Cenevre’nin artık bir dönüm noktası haline geldiğine, toprak-güvenlik konularının bile konuşulacağına dikkati çeken Cumhurbaşkanı Akıncı, şunları kaydetti:

"Müzakere süreçlerinde 'tümü bitmedikçe parçalar üzerindeki uzlaşmalar tek tek geçerli değil' anlayışı vardır. Yani hepsinde mutabakat sağlandığında anlaşma kesin olarak ortaya çıkacaktır. Dolayısıyla her şeyin en sonda varılacak uzlaşmaya bağlı olarak kabul edilebildiği gibi de bir durum vardır. Biz de herhangi bir konuda 'şunu kabul ettik dediğimizde ama bunun sonunda güvenliğimiz de önemlidir, eğer biz güvenlikte tatmin olmazsak bu konudaki kararımızı da gözden geçirebiliriz' diyebiliriz.

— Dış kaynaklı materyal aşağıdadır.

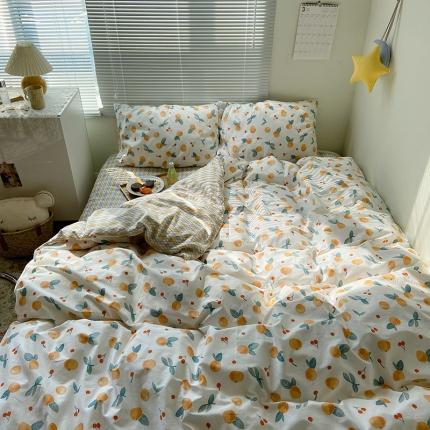 盛馨2023新款全棉印花13372系列四件套甜橘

Onların da bu tür hakları olabilir. Bu hakkı esirgemiyoruz onlardan da. Ancak bir konuda kesinlik istiyoruz. Bir çözüm olacaksa ve hep birlikte bunu sağlayacaksak, bu çözümün önemli unsurlarından birinin de dönüşümlü başkanlık ve kararlara etkin katılım konusu olduğunu artık netleştirmeleri gerekir.”